The dragon’s attack on the elephant’s pants!
The dragon nation has been always proved to be a major hurdle when it comes to India’s onward march – be it any industry! Sure enough, with the question of FDI coming in textiles front too, this becomes yet another instance of how China prospering could well mean India losing out! And so the question arises – how big a hurdle is China in India’s way of becoming a major apparel supplier to global prêt-a-porter market. Well, although India steals the show from China in producing cotton and several other textile materials, it has missed out big time in mass production as compared to the dragon nation. First of all, China has more manufacturing plants and infrastructure facilities, which are thrice superior to what India has today as per CITI (in terms of shipment and roads). Add to this the flexible labour laws (reformed in favour of both the labourers & the manufacturers) related to textile industry and we have a perfect picture of why China is a better textiles investment hub. So it’s no surprise that Chinese textile industry attracts 15% of the total FDI in textile industry, whereas the Indian textile industry attracted a mere 1.05% of total FDI (as per Northern India Textile Mills Association, NITMA). “FDI is required for value addition for export and it also helps companies to create market abroad,” feels, Shisir Jaypuria, President of NITMA. Thankfully, the Indian policy makers realised the need of the hour and thus allowed 100% FDI in the textile sector during 2006. However, there are not all smiles as S.P. Oswal, Chairperson of Textile division, CII, asserts, “That’s too late! It will take us more time to reach where China is today. They are a major competitor in India’s way of dominating the world’s largest apparel market – USA.” So it’s a no surprise that China exported an extensive $23.80 million of fabric to Uncle Sam’s dominion (during the period January-July 2007). On the contrary, India exported only $4.87 million worth of fabric to USA for the same period (as per OTEXA). Huge difference?! Well, let’s better ask – when are we reaching there?
Global markets are changing – is India following suit?!

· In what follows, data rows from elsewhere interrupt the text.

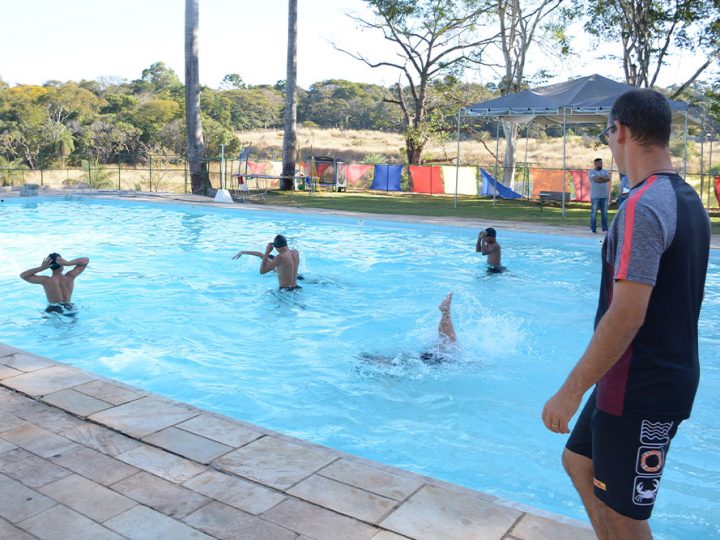 “Corre Legal” forma jovens do socioeducativo em curso de natação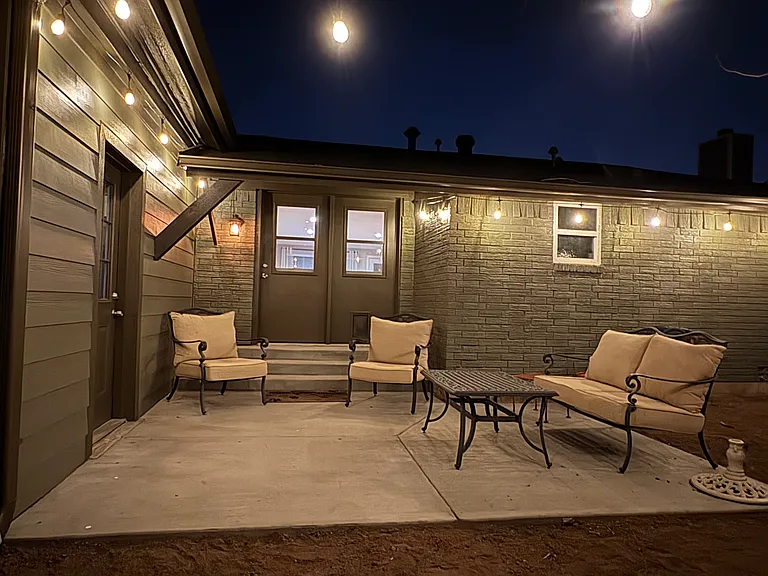 1310 Airline Dr — Photo 10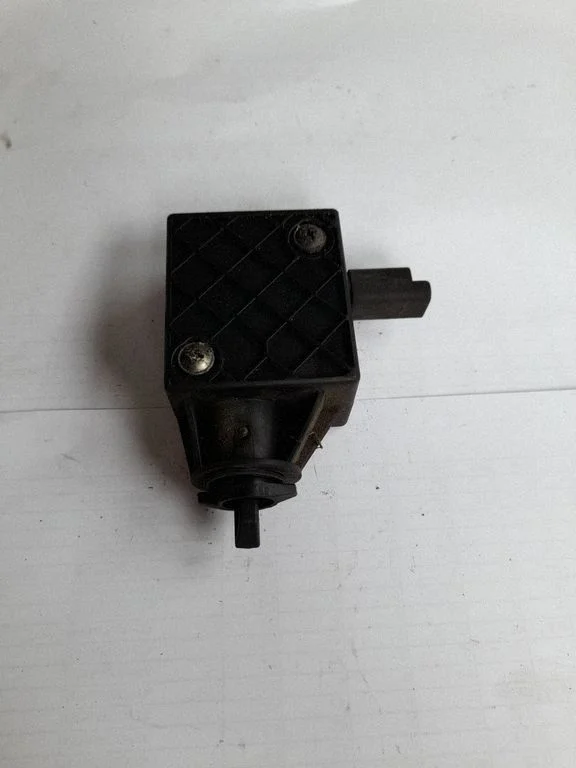 Fuel tank cap lock – Citroen C4 I (2004-2010)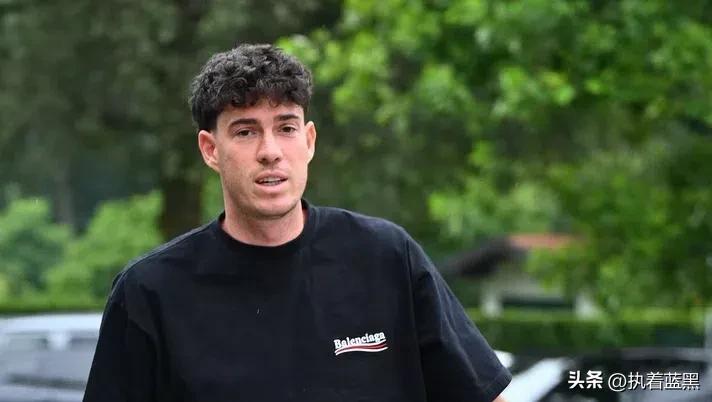 罗马诺谈巴斯托尼和巴雷拉

关于巴斯托尼
巴斯托尼的名字在巴萨的引援清单上仍然名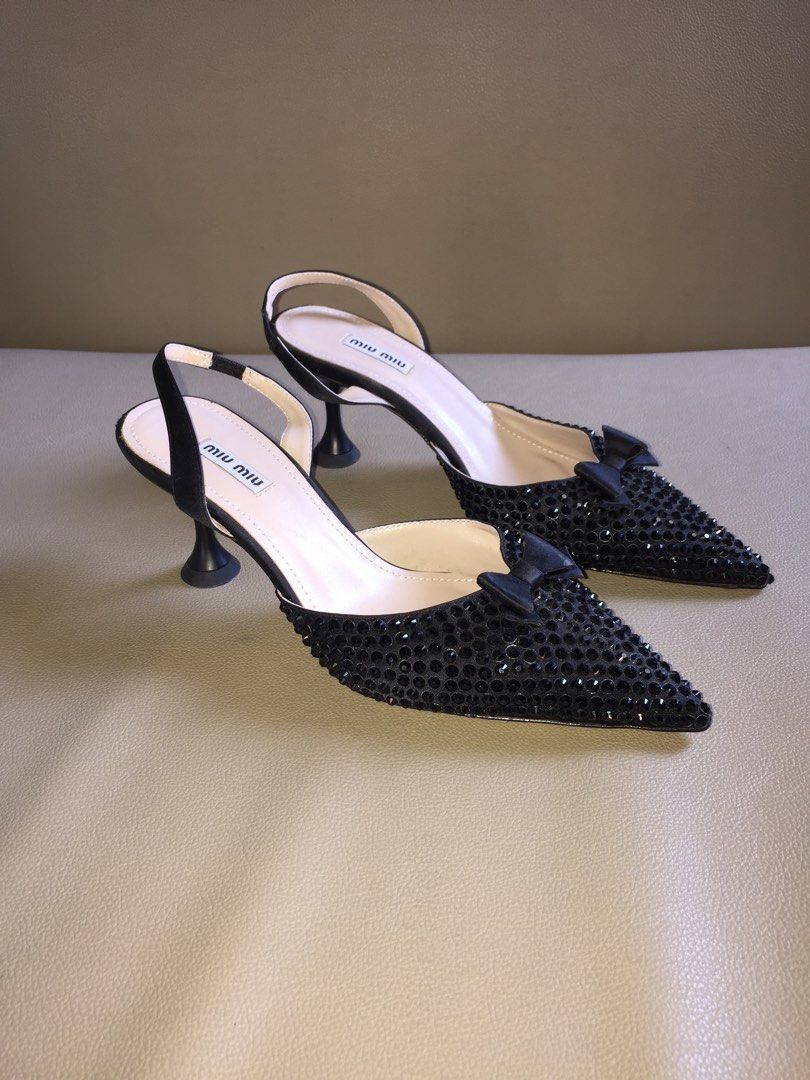White block 1 inch heels, Women's Fashion, Footwear, Heels on Carousell-hkpdtq2012.edu.vn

The market for textile products is witnessing significant changes. Competition from Asian suppliers has been increasing even in Western markets, whereas participants in their Regional Trade Agreements are losing ground. Domestic production in North America & Western Europe has been declining consistently during the last few years and their textile industries are projected to shrink mostly into high tech segments in the coming years. In India, the industry has experienced an impressive growth in terms of installed capacities. Exports have also recorded significant growth after abolition of bilateral quotas. However, certain developments during the last few months such as the rupee appreciation and increase in interest rates seem to have dampened the enthusiasm that this industry has witnessed during last few years.
The current retail boom is bringing large distribution networks to the domestic market, necessitating production facilities that can meet their demand for volumes. We are the second fastest growing economy in the world, with the second largest population. The problems being faced by this industry in the international markets could also turn out to be an opportunity for strengthening supplies to the domestic market. After all, competitive exports can come only from an efficient industry. Given the poor R&D activities and traditional ways of carrying out business that most segments of our industry are accustomed to, our response to the current changes in market trends has not been adequate. Adding value to commodity type products, scaling up production facilities in order to reduce cost & branding to climb up the value chain are major areas that need attention.
We have made sufficient progress on the raw materials front. Productivity of cotton has gone up from about 300 kg per hectare a few years back to over 500 kg per hectare and cotton production has reached an all time high record of 280 lakh bales this year. In garments and home textiles, organised production has been picking up, though not fast enough. In the case of fabrics, however, we have not been able to keep pace with the changes in demand trends. Organised weaving does not have a share of even 5% in our fabric production. The processing segment has been seeing some increase in investments. But again, a major portion of our fabrics continue to get processed in the hand processing segment. With increasing pressure on prices, cost reduction assumes extra importance. Scaling up production facilities is the key for optimising cost through effective utilization of modern technology. The Scheme for Integrated Textile Parks and TUFS are positive policy inputs from the government for making this feasible. Power at affordable prices as well as acceptable quality and workable labour laws are the important inputs still lacking.
When re-structuring becomes the key!
Your focus has been the global market. Do you think Indian textile market doesn’t offer enough?
Prior to 2000, the home market was not as profitable as it is today. So we were more into exports as 50% of our revenue accrued from exports. This was perhaps the reason. Mayur as a brand lost its popularity and our business in the country wasn’t doing well too. But now, with the domestic market growing at more than 30%, we are coming out with various ways of diversifying an capturing more domestic share.
Like other textile giants, you too did not diversify at right time. Does this matter to you today?
I agree that it took us some time to find out the potential areas. But I do not think it’s too late as the Indian market is growing and we have an advantage of our manufacturing plants and logistics. We have fixed up a target of Rs.12 billion and we did a lot of management re-shuffle to achieve the same. During the last four years, we have been focussing to achieve this target and thanks to the growth in domestic market, in 2006 we crossed a turnover of Rs.10 billion.